WORK TASK: Start at the line with "TEBHOO BY SHRUTI trademark artwork" in the records below, stop at the line with "Kaolin weiß Neu", and return every line in that span exactly, the two end lines included.

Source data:
□ □ □ □ □

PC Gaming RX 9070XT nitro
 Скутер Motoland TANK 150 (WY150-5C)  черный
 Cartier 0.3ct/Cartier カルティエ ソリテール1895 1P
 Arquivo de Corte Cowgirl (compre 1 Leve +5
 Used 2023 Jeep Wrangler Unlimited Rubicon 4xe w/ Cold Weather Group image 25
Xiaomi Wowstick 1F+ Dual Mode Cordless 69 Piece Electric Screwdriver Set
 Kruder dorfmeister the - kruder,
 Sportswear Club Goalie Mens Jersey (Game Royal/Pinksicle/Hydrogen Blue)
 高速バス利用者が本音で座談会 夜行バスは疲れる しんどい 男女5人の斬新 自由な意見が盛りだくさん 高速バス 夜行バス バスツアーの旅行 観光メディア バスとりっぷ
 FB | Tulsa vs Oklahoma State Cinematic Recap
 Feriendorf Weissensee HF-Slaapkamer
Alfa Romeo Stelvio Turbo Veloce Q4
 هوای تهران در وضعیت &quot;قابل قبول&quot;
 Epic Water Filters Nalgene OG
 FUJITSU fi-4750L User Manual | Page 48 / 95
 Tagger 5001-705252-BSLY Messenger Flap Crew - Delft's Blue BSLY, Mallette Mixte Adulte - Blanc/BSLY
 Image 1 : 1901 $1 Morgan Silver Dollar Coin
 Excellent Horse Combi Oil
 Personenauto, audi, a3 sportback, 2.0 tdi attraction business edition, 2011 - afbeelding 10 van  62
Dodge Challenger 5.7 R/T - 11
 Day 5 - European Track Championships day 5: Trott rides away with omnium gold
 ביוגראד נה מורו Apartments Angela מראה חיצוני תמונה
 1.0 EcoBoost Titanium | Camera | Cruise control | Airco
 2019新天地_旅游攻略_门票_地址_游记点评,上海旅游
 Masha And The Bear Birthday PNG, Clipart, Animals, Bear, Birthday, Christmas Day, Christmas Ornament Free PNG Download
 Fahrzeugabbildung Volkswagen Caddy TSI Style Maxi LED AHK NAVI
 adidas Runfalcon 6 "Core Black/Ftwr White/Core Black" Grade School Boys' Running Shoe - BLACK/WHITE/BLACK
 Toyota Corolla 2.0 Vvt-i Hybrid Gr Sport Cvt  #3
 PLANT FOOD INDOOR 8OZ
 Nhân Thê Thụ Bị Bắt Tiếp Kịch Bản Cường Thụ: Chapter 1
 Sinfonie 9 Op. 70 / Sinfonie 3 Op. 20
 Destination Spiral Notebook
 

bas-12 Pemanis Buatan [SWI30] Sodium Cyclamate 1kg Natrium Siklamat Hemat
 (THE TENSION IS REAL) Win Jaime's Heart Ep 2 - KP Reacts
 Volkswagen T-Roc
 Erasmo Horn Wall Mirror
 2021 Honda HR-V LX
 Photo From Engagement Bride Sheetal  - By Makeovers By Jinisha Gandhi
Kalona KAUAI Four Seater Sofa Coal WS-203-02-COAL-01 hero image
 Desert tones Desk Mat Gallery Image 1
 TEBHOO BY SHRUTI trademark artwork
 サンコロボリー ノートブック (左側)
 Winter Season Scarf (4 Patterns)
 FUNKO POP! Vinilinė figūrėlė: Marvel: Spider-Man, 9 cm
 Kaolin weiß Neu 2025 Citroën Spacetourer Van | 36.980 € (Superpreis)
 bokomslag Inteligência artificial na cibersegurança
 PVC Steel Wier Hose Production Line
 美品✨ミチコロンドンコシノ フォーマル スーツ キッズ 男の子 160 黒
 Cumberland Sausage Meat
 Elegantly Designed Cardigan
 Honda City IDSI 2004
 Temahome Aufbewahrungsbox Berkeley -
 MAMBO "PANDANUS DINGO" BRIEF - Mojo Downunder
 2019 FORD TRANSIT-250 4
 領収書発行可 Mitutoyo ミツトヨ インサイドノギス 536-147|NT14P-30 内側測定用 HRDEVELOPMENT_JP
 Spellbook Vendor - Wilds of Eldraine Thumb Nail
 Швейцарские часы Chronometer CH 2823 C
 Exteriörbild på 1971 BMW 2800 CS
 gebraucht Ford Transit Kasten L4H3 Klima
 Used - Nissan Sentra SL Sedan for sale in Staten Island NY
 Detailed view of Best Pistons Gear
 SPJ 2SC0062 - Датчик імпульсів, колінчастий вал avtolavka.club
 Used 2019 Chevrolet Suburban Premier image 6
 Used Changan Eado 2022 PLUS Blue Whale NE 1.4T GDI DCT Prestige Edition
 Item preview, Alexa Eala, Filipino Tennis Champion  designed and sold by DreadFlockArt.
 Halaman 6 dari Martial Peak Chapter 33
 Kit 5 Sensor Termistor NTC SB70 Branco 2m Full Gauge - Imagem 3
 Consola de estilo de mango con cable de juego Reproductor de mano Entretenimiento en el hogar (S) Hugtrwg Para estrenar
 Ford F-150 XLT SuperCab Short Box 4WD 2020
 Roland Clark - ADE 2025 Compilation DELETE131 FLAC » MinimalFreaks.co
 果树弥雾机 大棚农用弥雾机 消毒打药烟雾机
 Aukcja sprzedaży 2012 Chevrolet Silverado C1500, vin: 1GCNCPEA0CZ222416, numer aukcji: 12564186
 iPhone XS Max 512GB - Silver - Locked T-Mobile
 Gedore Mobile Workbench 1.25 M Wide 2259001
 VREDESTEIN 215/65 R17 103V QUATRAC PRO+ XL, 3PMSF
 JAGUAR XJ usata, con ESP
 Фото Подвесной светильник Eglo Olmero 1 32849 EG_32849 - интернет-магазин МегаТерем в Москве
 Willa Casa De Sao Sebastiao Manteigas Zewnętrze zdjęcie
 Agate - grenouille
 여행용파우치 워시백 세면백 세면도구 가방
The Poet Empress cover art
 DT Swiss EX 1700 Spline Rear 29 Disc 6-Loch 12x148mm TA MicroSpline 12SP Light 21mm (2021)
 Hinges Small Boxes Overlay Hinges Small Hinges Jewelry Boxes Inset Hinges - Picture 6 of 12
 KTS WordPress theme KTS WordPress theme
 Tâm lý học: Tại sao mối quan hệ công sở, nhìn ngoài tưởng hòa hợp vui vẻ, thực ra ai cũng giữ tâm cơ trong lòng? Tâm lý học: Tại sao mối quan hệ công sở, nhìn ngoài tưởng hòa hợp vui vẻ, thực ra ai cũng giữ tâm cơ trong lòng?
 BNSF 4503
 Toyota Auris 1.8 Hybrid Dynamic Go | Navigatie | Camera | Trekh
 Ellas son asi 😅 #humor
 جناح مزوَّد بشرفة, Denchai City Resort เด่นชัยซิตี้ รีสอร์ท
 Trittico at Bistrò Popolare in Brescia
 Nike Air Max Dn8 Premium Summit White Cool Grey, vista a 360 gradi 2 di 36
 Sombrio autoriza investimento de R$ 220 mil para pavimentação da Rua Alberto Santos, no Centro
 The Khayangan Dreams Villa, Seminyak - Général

□ □ □ □ □

FINISHED TASK:
 TEBHOO BY SHRUTI trademark artwork
 サンコロボリー ノートブック (左側)
 Winter Season Scarf (4 Patterns)
 FUNKO POP! Vinilinė figūrėlė: Marvel: Spider-Man, 9 cm
 Kaolin weiß Neu 2025 Citroën Spacetourer Van | 36.980 € (Superpreis)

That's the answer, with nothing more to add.